A population of bacteria doubles in number every five minutes. If the population is one at three o’clock, what would the population be at four o’clock?
Well, this kind of problem is a problem dealing with exponential growth or an exponential formula. And what we can do is use this general form here to help us. So we know a function is equal to 𝐴𝑏 to the power of 𝑥. Well, 𝐴 is our initial value. 𝑏 tells us something about the rate. And it’s always a positive number that’s not equal to one. And then 𝑥 is our independent variable, which usually is the number of time periods.

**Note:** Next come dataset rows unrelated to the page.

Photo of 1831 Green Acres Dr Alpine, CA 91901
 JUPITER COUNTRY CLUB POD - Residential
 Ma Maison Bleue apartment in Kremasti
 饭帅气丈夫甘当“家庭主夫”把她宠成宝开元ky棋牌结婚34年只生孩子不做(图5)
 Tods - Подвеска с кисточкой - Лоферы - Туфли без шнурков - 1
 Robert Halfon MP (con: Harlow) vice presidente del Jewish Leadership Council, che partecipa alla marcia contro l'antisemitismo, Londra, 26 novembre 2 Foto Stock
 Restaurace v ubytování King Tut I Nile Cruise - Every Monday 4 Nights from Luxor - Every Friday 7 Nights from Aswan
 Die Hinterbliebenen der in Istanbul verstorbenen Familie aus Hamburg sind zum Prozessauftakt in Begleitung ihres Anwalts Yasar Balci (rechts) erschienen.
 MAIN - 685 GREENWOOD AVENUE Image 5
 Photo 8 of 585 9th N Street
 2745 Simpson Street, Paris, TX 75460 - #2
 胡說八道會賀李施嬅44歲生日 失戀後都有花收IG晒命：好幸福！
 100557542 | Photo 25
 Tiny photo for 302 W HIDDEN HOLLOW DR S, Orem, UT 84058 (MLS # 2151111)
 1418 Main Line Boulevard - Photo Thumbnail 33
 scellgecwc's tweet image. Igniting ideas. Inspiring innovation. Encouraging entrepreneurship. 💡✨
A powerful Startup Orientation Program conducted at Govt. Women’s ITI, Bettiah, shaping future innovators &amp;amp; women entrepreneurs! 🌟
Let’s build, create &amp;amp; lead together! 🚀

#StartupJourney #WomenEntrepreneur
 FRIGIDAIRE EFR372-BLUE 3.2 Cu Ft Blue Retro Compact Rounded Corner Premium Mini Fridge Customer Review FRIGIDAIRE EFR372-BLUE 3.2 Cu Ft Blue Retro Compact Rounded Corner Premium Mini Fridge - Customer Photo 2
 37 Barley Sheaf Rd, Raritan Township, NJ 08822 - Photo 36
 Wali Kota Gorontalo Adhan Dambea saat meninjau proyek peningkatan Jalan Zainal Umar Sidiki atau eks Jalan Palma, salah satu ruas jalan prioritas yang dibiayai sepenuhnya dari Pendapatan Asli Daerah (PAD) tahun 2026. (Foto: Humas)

So you might think, “Well, how do we know that this is an exponential problem?” Well, it’s because the population doubles every time period. So in this case, it’s every five minutes. It’s because of that doubling, which we know that it’s an exponential problem.
So what we’re gonna do first is we’re gonna use the information we’ve got to set up an equation. So we’re going to have 𝑝 as our function as it’s the population. It’s gonna be equal to one. And that’s because one is our initial value because the population of bacteria is one at three o’clock. And then we’re gonna have multiplied by two. And we get two because, as we said, the 𝑏 in our formula is something that tells us about the rate. Well, we can see that the bacteria doubles in number every five minutes so that’s why we have two.
And then we’re gonna have to the power of 12. And the reason we have that as our exponent is because if we look at the population, we’re trying to find out what the population of bacteria is going to be at four o’clock. Well, if we started at three o’clock, that means the time period is one hour. And we know that it doubles in number every five minutes. And there are 60 minutes in an hour. So we do 60 divided by five gives us 12. So there are 12 time periods. So that’s why I’ve got two the power of 12. So therefore, we can say that if a population of bacteria doubles in number every five minutes and the population was one at three o’clock, then the population at four o’clock is gonna be 4096.